Свободный художник Александр Борисович Гольденвейзер.
В том же свидетельствую, мещанин Алексей Петрович Сергеенко.
В том же свидетельствую, сын подполковника
Анатолий Дионисиевич Радынский".
Завещание, как видно, составлено на имя Александры Львовны, а в случае ее смерти - Татьяны Львовны. Так как Л. Н-ч желал, чтобы распоряжался рукописями В. Г. Чертков, а с другой стороны, самый факт составления Львом Николаевичем юридического завещания мог вызвать во многих людях недоумение, как мог Л. Н-ч совершить такой акт, прямо противоречащий его убеждениям, то потребовалась объяснительная записка, составленная по поручению Л. Н-ча В. Г. Чертковым и утвержденная Л. Н-чем. Вот ее содержание:
"Так как Л. Н. Толстой написал завещание, по которому оставляет после своей смерти все свои писания "в собственность" своей дочери Александре Львовне Толстой, а в случае ее смерти раньше его смерти - Татьяне Львовне Сухотиной, то необходимо объяснить, во-первых, почему, сам не признавая собственности, он составил подобное завещание, а во-вторых, как он желает, чтобы было поступлено с его писаниями после его смерти.

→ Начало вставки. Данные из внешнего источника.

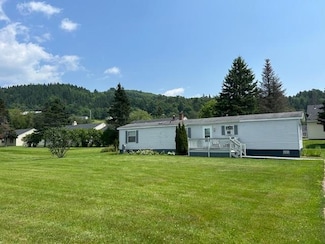 28 New Hampshire 145, Colebrook, NH 03576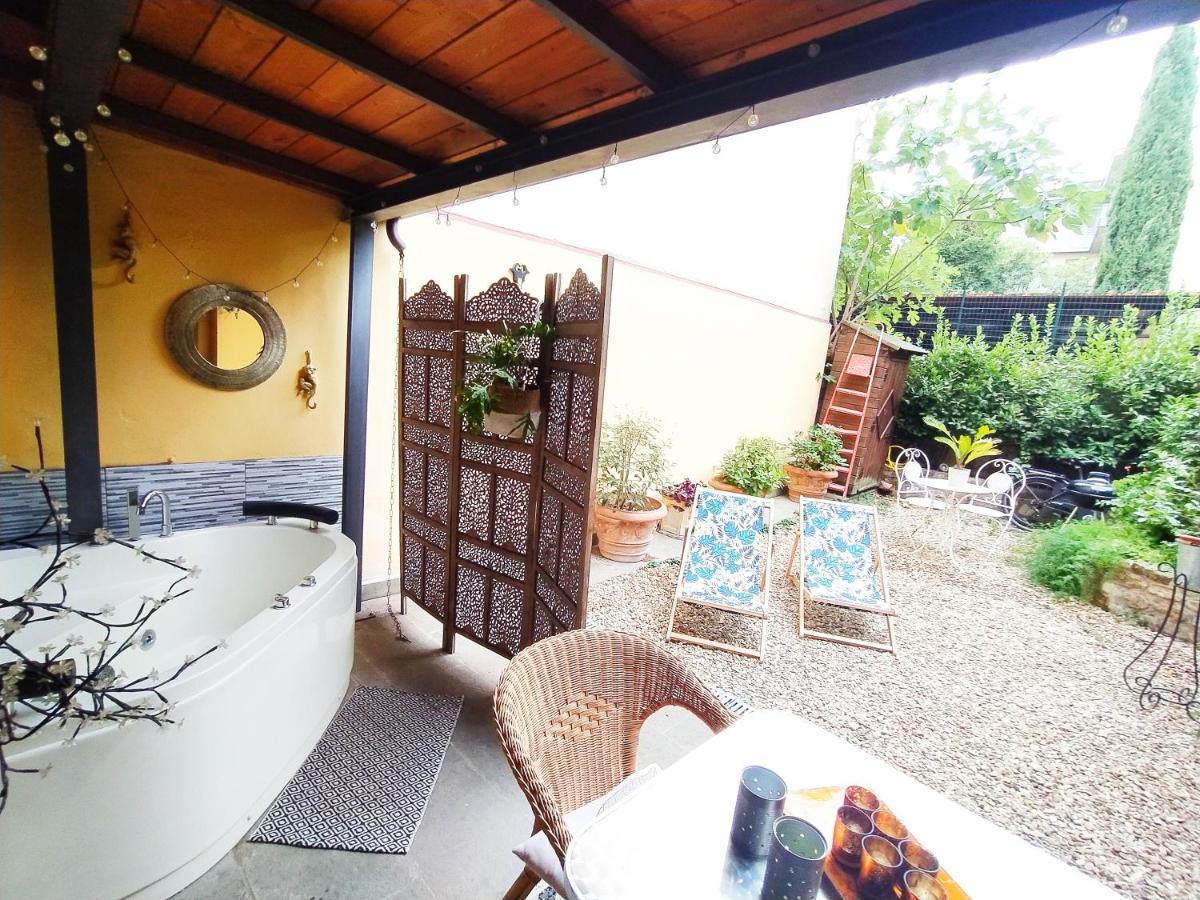 Nadia's Lovely - With Private Garden And Jacuzzi Apartamento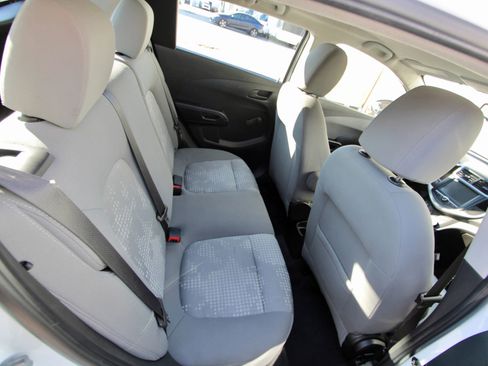 Used 2017 Chevrolet Sonic LT image 17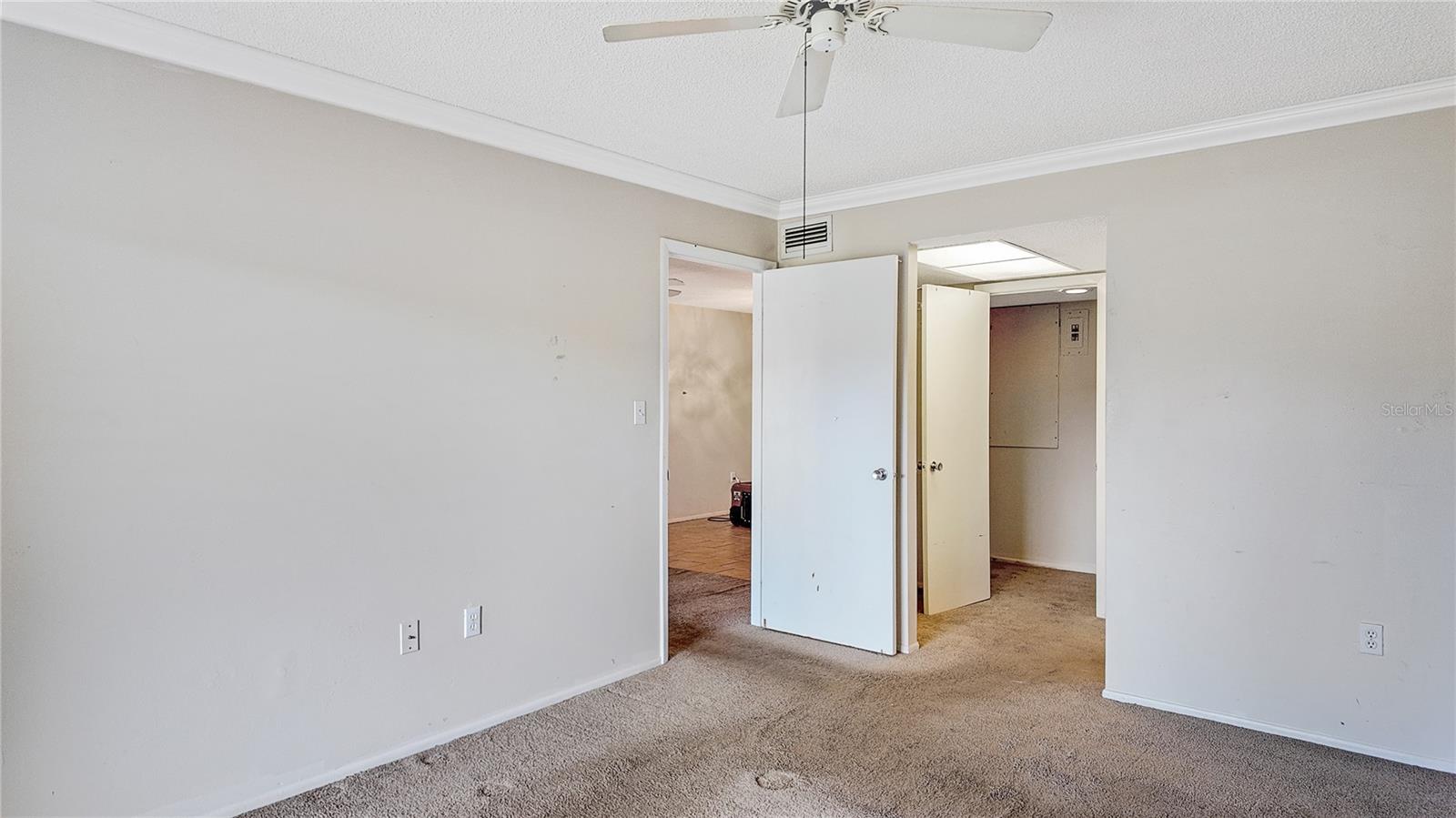 A4660289 Property Photo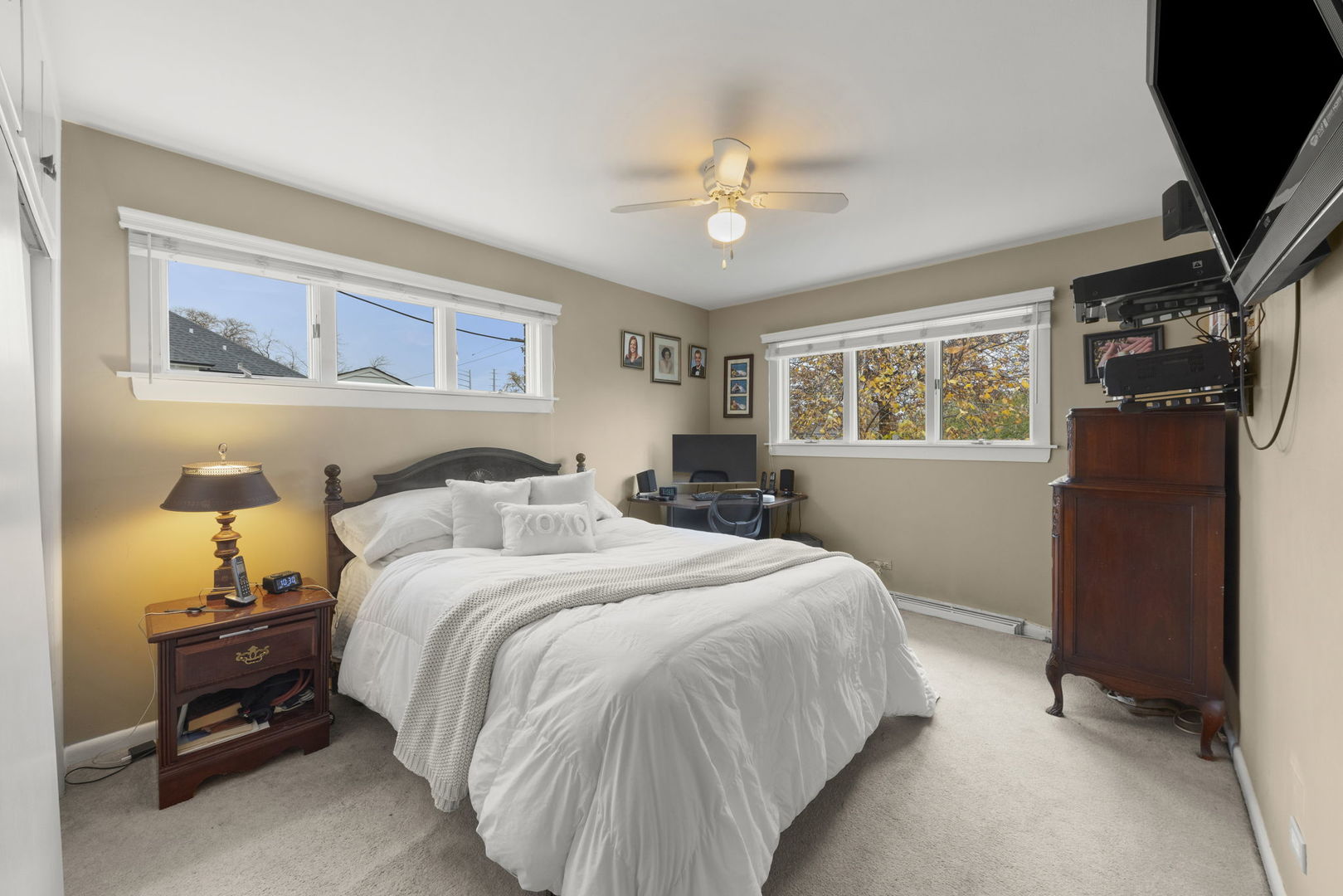 402 E Huntington Lane, Elmhurst, IL 60126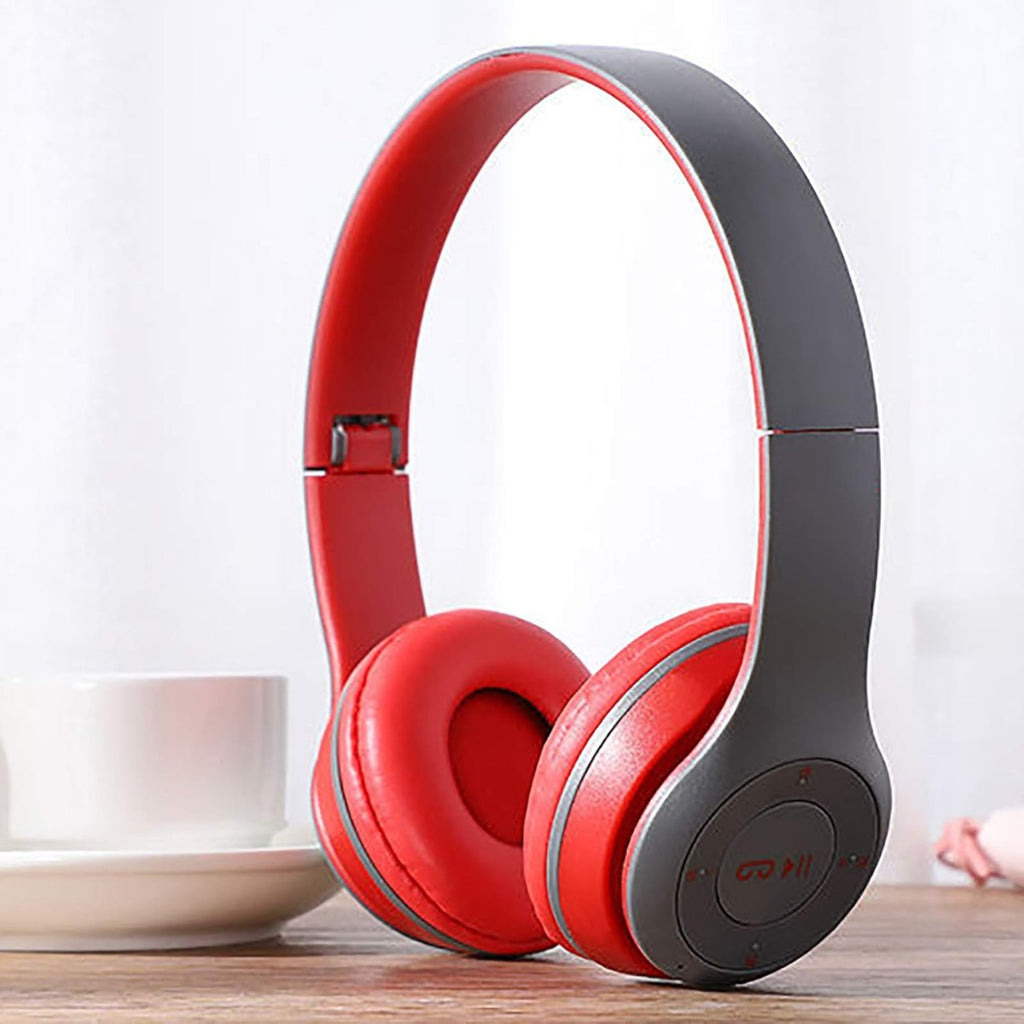 Cuffie wireless P47 rosse con pad auricolari rossi e base nera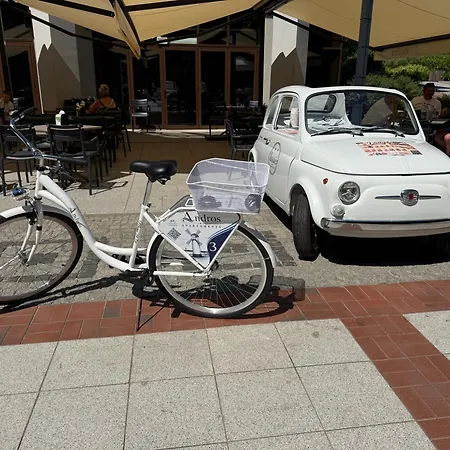 Andros Free Parking & Bicycle Świnoujście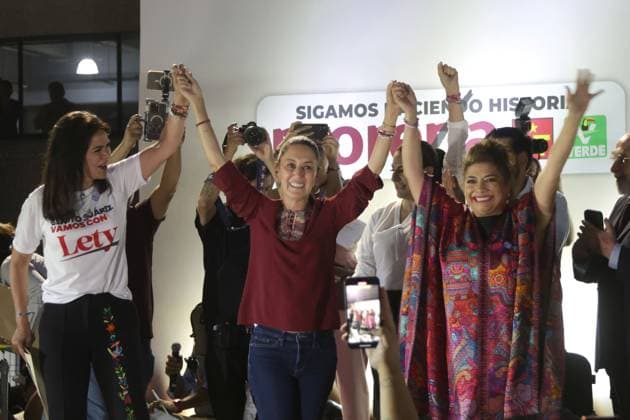 Claudia Sheinbaum Pardo, Mexico s Presidential candidate by Ã¢â‚¬ËœJuntos Hagamos HistoriaÃ¢â‚¬â ¢ alliance Accompanied by the candidate for the Mexico City Head of Government Clara Brugada and Leticia Varela candidate for mayor of Benito Juarezduring a rally campaign event heading to the elections at Benito JuoÂ¡rez mayor office esplanade. on May 22, 2024 in Mexico City, Mexico. Mexico City Mexico - ZUMAe321 20240522_zia_e321_013 Copyright: xIsmaelxRosasx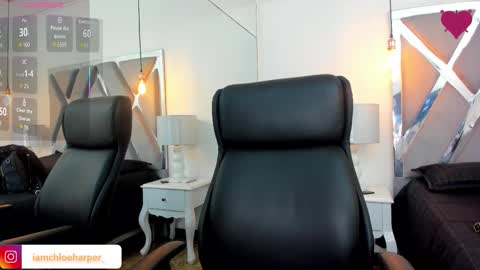 Snapshot of chloeharper_ chatting on September 25, 2:05 pm Chloe Harper online show from September 25, 2:05 pm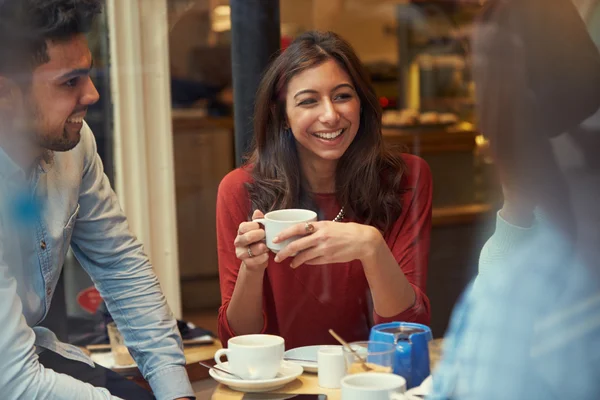 Grupp av vänner som kopplar ihop — Stockfoto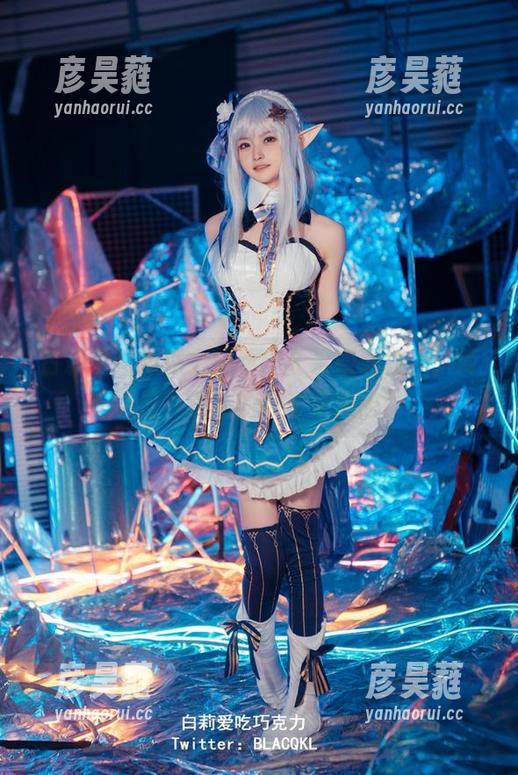 白莉爱吃巧克力的新作《爱蜜莉雅》，简直是下载后的神奇反应包！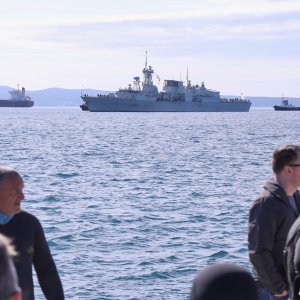 Brod kanadske mornarice HMCS Fredericton u Splitu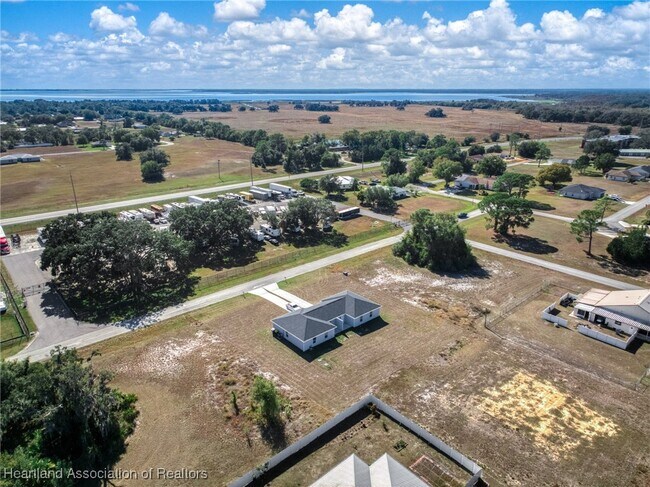 Building Photo - 6303 Red Cedar Rd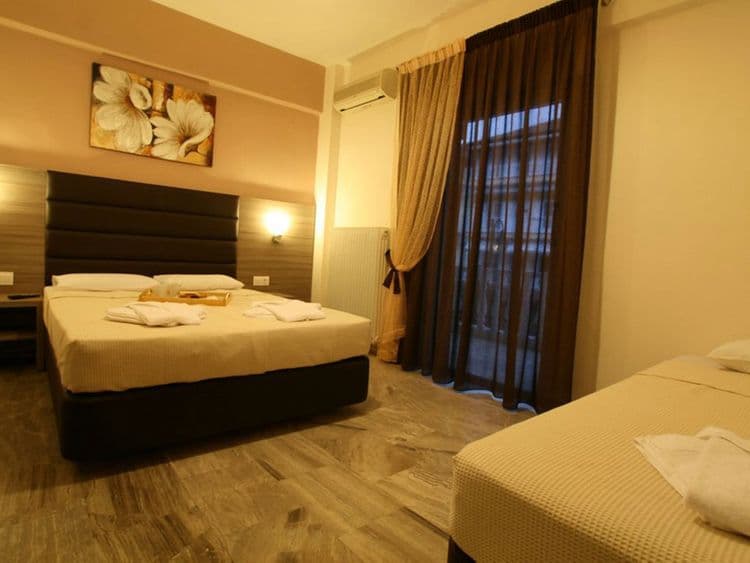 Kostas Hotel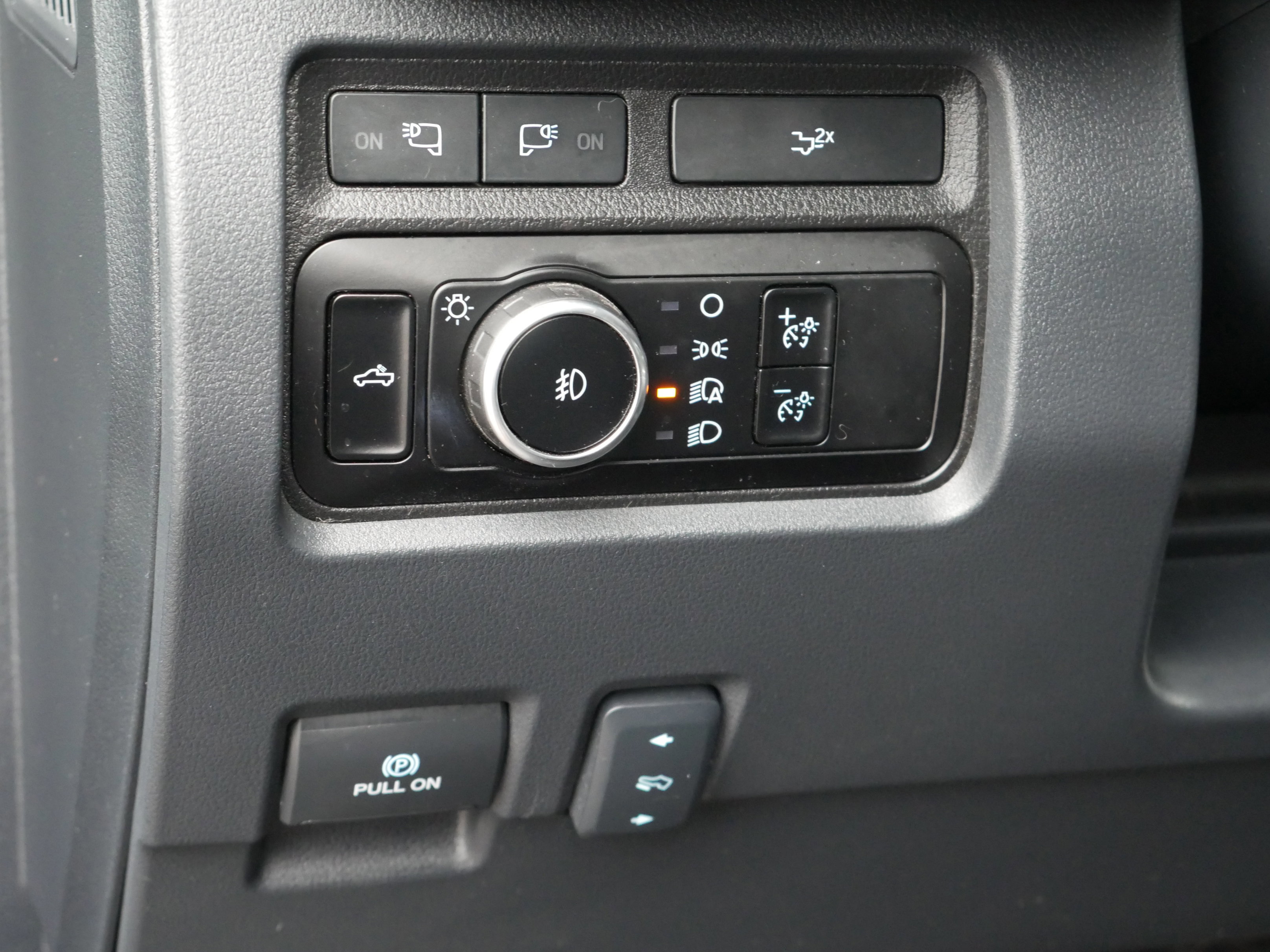 Certified 2023 Ford F350 Lariat w/ Black Appearance Package image 12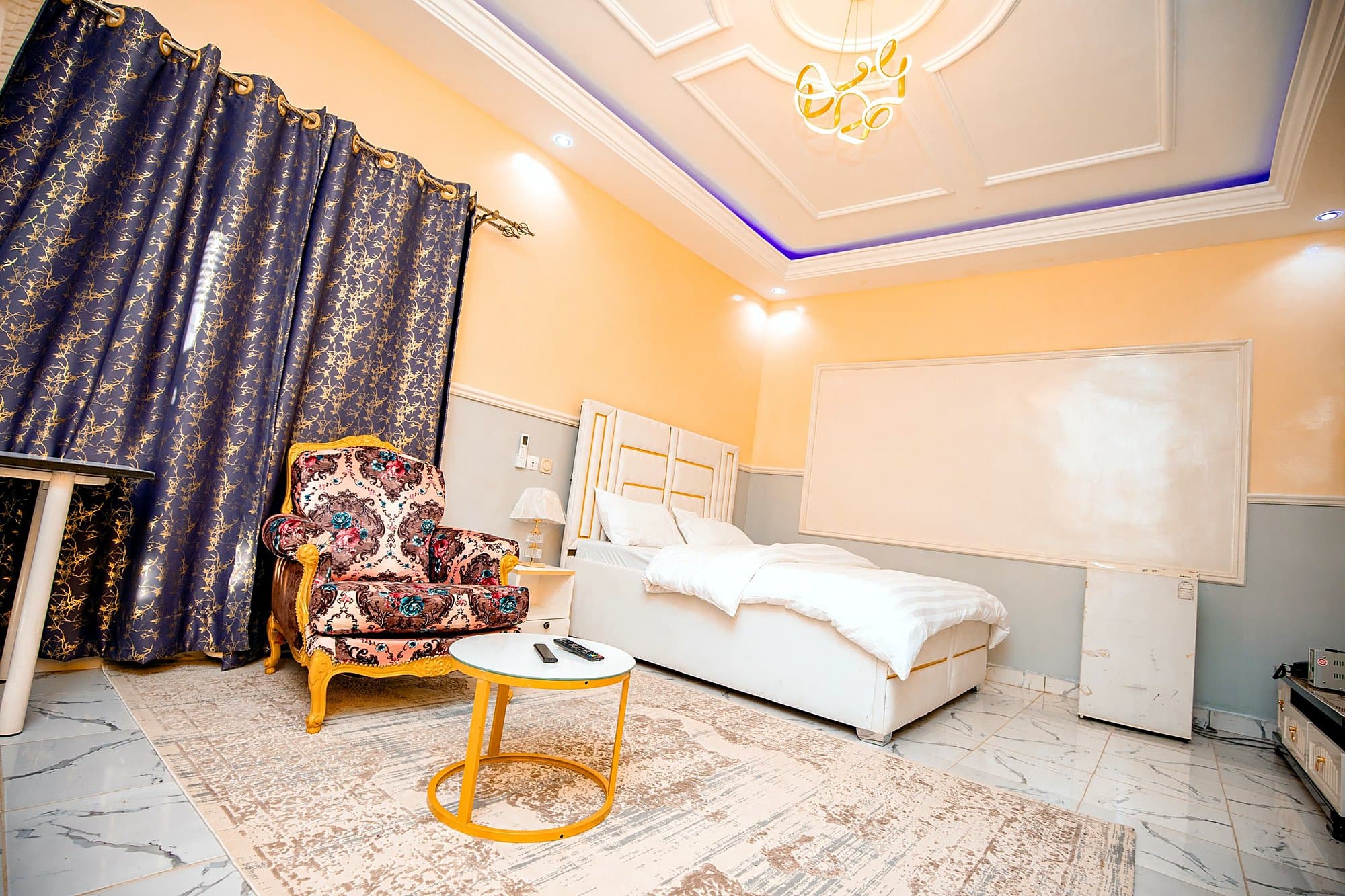 Chambre confortable du Complexe Shalome Hôtel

К "формальному" завещанию, имеющему юридическую силу, Лев Николаевич прибег не ради утверждения за кем бы то ни было собственности на его писания, а наоборот, для того чтобы предупредить возможность обращения их после его смерти в чью-либо частную собственность.
Для того, чтобы предохранить тех, кому он поручил распорядиться его писаниями согласно его указаниям от возможности отнятия у них этих писаний на основании законов о наследстве, Льву Николаевичу предоставлялся только один путь: написать обставленное всеми требуемыми законом формальностями завещание на имя таких лиц, в которых он уверен, что они в точности выполнят его указания о том, как поступить с его писаниями. Единственная, следовательно, цель написанного им "формального" завещания заключается в том, чтобы воспрепятствовать предъявлению со стороны кого-либо из его семейных их юридических прав на эти писания в том случае, если эти семейные, пренебрегая волей Л. Н-ча относительно его писаний, пожелали бы обратить их в свою личную собственность.
Воля же Льва Николаевича относительно своих писаний такова - он желает, чтобы:
1) Все его сочинения, литературные произведения и писания всякого рода, как уже где-либо напечатанные, так и еще неизданные, не составляли после его смерти ничьей частной собственности, а могли бы быть издаваемы и перепечатываемы всеми, кто этого захочет.
2) Чтобы все рукописи и бумаги (в том числе дневники, черновики, письма и проч.), которые останутся после него, были переданы В. Г. Черткову с тем, чтобы последний после смерти Л. Н-ча занялся бы пересмотром их и изданием того, что он в них найдет желательным для опубликования, причем в материальном отношении Л. Н-ч просит В. Г. Черткова вести дело на тех же основаниях, на каких он издавал писания Л. Н-ча при жизни последнего.